Dr Kirwan explains that those near the scene may feel a “social responsibility” to share their knowledge, particularly in situations where there is a fear of media bias. It is also important to remember that shock and panic can make us behave differently than we normally would.

Yet the reason this behaviour often jars is because we all know what motivates most of us to post on social media: attention. It is well-documented that Likes and Shares give us a psychological boost, so it is hard to feel that this disappears in tragic circumstances. If we imagine someone is somehow “profiting” from posting traumatic images, this can inspire disgust. Fraustino even notes that posts with an image are significantly more likely to be clicked on, liked, or shared.

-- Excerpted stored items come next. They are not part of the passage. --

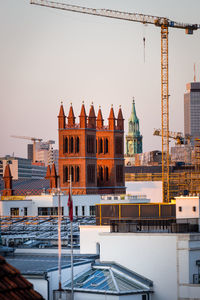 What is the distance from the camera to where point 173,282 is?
5406 centimetres

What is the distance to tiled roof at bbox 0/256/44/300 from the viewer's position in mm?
23578

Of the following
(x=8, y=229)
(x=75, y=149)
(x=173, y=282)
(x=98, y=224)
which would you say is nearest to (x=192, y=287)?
(x=173, y=282)

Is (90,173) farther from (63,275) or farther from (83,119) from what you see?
(63,275)

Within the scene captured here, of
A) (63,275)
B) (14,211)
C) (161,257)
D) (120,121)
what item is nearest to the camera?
(63,275)

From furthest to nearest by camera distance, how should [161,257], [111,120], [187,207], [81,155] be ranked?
[111,120]
[81,155]
[187,207]
[161,257]

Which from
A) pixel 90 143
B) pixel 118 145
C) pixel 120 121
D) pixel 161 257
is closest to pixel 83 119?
pixel 90 143

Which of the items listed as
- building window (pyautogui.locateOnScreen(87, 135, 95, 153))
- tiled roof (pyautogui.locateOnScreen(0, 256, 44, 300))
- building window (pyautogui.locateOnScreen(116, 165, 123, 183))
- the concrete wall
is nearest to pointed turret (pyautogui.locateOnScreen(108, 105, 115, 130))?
building window (pyautogui.locateOnScreen(116, 165, 123, 183))

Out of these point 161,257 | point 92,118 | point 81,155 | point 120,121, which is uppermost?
point 120,121

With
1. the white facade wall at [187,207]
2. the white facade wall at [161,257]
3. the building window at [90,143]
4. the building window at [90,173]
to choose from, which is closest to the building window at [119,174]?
the building window at [90,173]

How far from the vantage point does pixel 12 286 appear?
78.2 feet

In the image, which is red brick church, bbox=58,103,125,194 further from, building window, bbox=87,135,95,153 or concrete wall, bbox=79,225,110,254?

Yet, as Dr Kiwarn explains, Likes don’t simply make us happy on such occasions, they actually make us feel less alone. “In situations where people are sharing terrible information we may still appreciate likes, retweets, [and] shares as it helps to reinforce and validate our beliefs and position on the situation,” she says. “It tells us that others feel the same way, and so it is okay for us to feel this way.”

Fraustino also argues that these posts can be valuable, as they “can break through the noise and clutter and grab attention” and thereby bring awareness to a disaster issue. “As positive effects, emotion-evoking images can potentially increase empathy and motivation to contribute to relief efforts.”

The judgement

The common thread isn’t simply the accusation that such social media behaviours are “insensitive”, it is that there is an abundance of people ready to point the finger and criticise others, even – and especially – at a time when they should focus on their own grief. VICE writer Joel Golby sarcastically summed it up best in a single tweet: “please look out for my essay, 'Why Everyone's Reaction to the News is Imperfect (But My Own)', filed just now up this afternoon”.

“When already emotional other users see something which they don't perceive as quite right, they may use that opportunity to vent anger or frustration,” says Dr Kirwan, explaining that we are especially quick to judge the posts of people we don’t personally know. “We can be very quick to form opinions of others using very little information, and if our only information about a person is a post which we feel is inappropriate we will tend to form a stereotyped opinion of this individual as holding negative personality traits.

“This stereotype makes it easier to target them with hateful speech. When strong emotions are present, we frequently neglect to consider if we may have misinterpreted the content, or if the person's apparently negative tone was intentional or not.”

Fraustino agrees that people are attempting to reduce their own uncertainty or anxiety when assigning blame. “In a terror attack setting where emotions are high, uncertainty is high, and anxiety is high, blaming or scapegoating can relieve some of those negative emotions for some people.”

Amelia Tait is a technology and digital culture writer at the New Statesman.